● PROBLEM DESCRIPTION
Begin at the line holding "Bàn trà hiện đại" and set down exactly each line through the last one below, omitting pictures. Include nothing else.

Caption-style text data

========

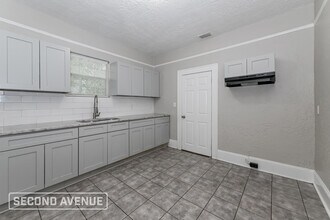 1474 Wilcox St in Jacksonville, FL - Building Photo - Building Photo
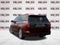 2027 Ford Expedition Active Max
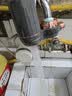美的（Midea）净水器水龙头过滤器家用自来水滤水器直饮前置过滤器厨房卫生间通用除水垢除余氯双出水可清洗滤芯 一机三芯【两年免换滤芯】 实拍图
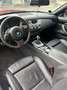 BMW Z4 sDrive 35i Rot - thumbnail 9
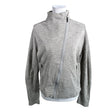 Unisex Adidas - Pusa, suurus 38 - Hall ()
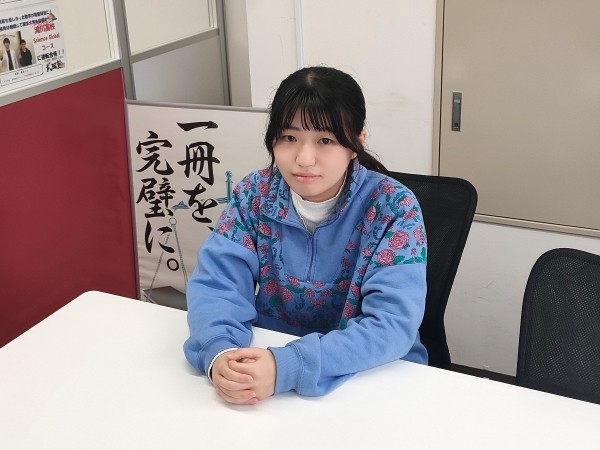 相馬02
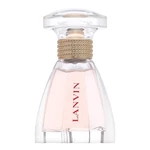 Lanvin Modern Princess parfémovaná voda pre ženy 30 ml
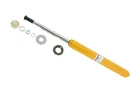 8641 1060SPORT Koni Yellow Externally Adjustable New. Price: $258.53.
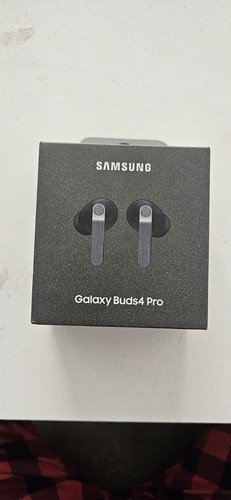 Genuine samsung galaxy buds - samsung,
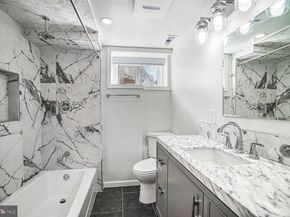 4224 Van Ness Street NW, Washington DC 20016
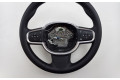 Volant Volvo V60 2022 32227594, 32227594  
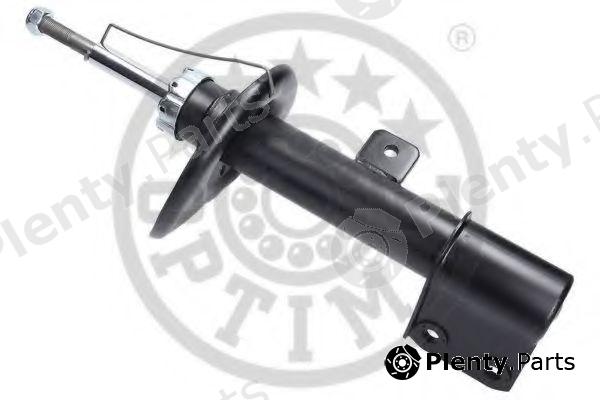  OPTIMAL part A-3953GR (A3953GR) Shock Absorber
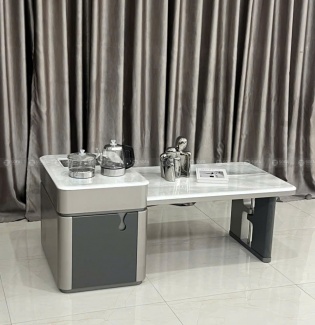 Bàn trà hiện đại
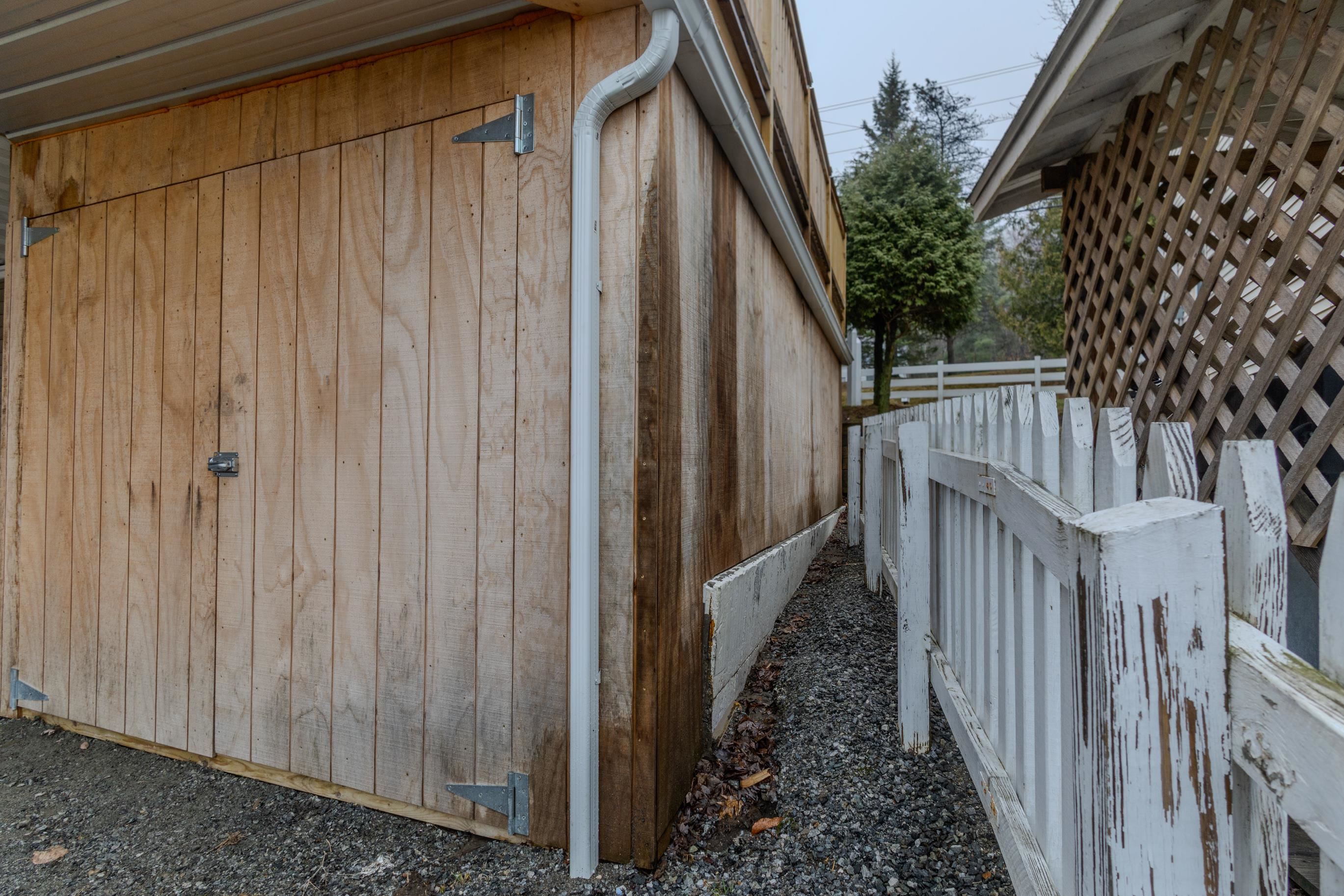 326 Glen Road Newport, VT 05855 - Photo 46 of 56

========

● OUTPUT
 Bàn trà hiện đại
 326 Glen Road Newport, VT 05855 - Photo 46 of 56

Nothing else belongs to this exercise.